For two-group and multigroup comparisons, we used unpaired two-tailed t test or multigroup analysis of variance (ANOVA), respectively (Prism software, GraphPad, Inc.). We used the F test to compare variances between two groups (Supplementary Table 11). In groups with statistically significant difference in variance, we used t test with Welch’s correction to determine differences between groups. Group data are presented as mean ± s.e.m. To determine associations of splicing with CTG repeat expansion, and ddPCR splicing with RT-PCR splicing, we used Pearson correlation coefficients. A P value <0.05 was considered significant.

Composite biomarker score

A principal component analysis30,31 score for each subject was calculated using R statistical software33 with a linear combination of the ten RT-PCR splicing outcomes shown in Fig. 2 (INSR, MBNL2, SOS1, MBNL1, CLASP1, MAP3K4, NFIX, NCOR2, VPS39, and MAPT) to form an RT-PCR-based composite biomarker score (Fig. 4a). We used the same methods to combine the ddPCR splicing outcomes of the five transcripts in urine exRNA shown in Fig. 5 (INSR, MBNL2, MBNL1, CLASP1, and MAP3K4), and four transcripts in urine cells shown in Fig. 8 (INSR, MBNL2, MBNL1, and CLASP1) to form ddPCR-based composite biomarker scores (Fig. 9 and Supplementary Fig. 9).

Predictive model

We randomly assigned 75% of the first 45 subjects (N = 23 DM1, 22 UA) to a training set that consisted of 17 subjects with DM1 and 17 unaffected controls (34/45)32. The remaining 25% of these subjects (N = 6 DM1, 5 UA) formed an independent validation set. We used principal component regression33 to develop a predictive model of DM1. Only the first principal component was used for prediction. The pls package in R, which uses a singular value decomposition algorithm to compute the principal components, was used to implement the model33. A threshold of 0.5 was chosen for model fitting, such that values above threshold were DM1 and values below threshold UA. A fivefold cross validation test produced zero false positives and false negatives.
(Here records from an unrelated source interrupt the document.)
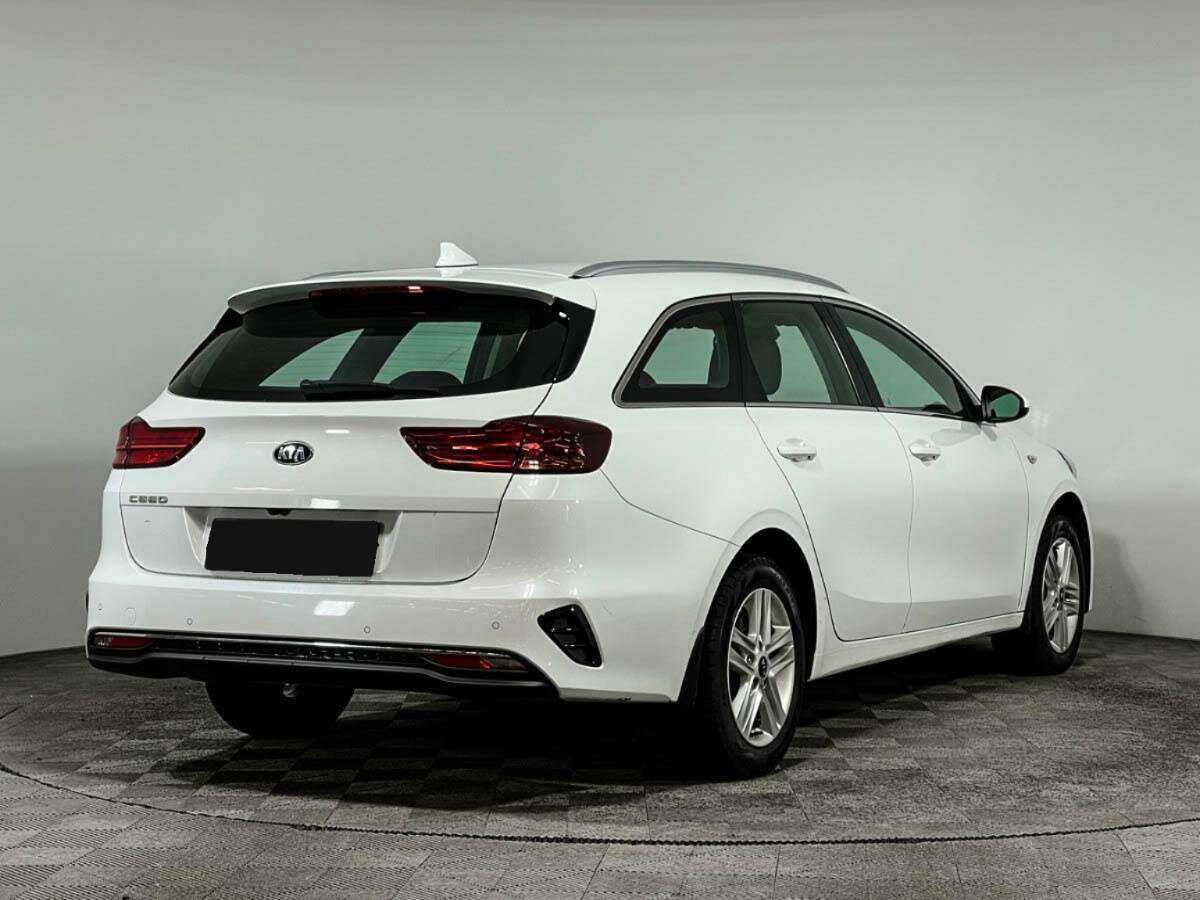 Kia Ceed, 2021 - 68 870 км. | Фото №5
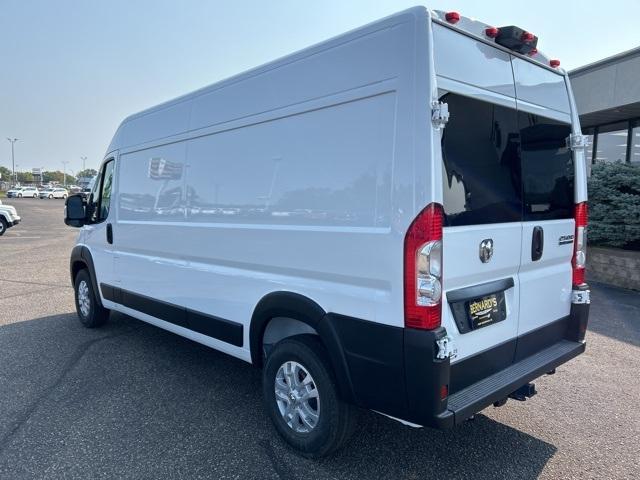 new 2024 Ram ProMaster 2500 car, priced at $53,988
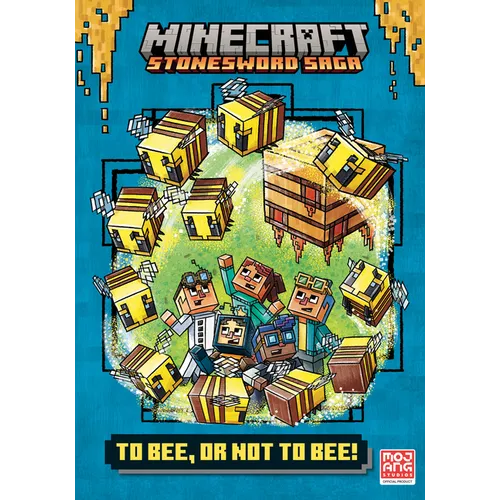 To Bee, or Not to Bee! (Minecraft Stonesword Saga #4)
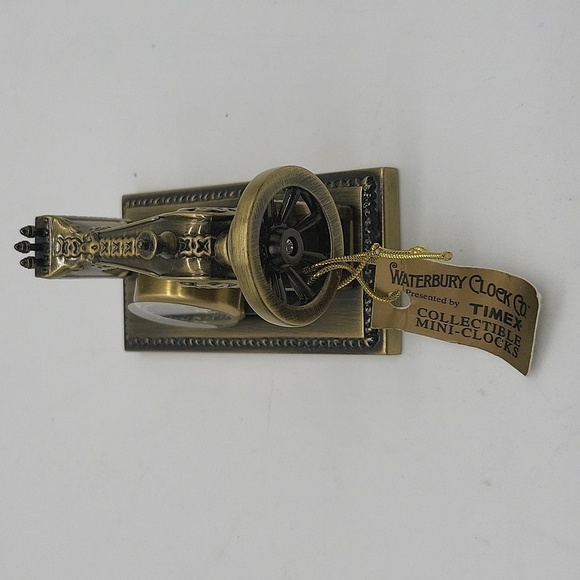 1991- Sewing Machine Clock NWT - Picture 4 of 8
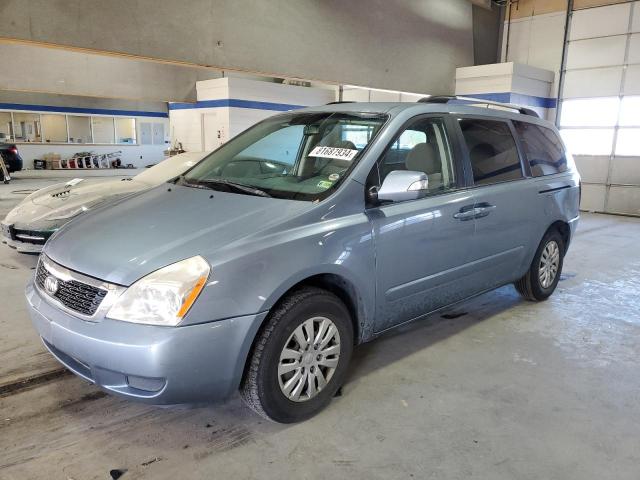 kia sedona lx 2012 kndmg4c7xc6416474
After development and validation of the model, we then implemented it to examine composite splicing data from each of the next 17 consecutive subjects that were enrolled in the study. Including the 11 subjects in the validation set (N = 6 DM1, 5 UA) that were used for model development and the 19 subjects that were tested after model implementation (N = 13 DM1, 6 UA), a total of N = 30 subjects were evaluated using the model.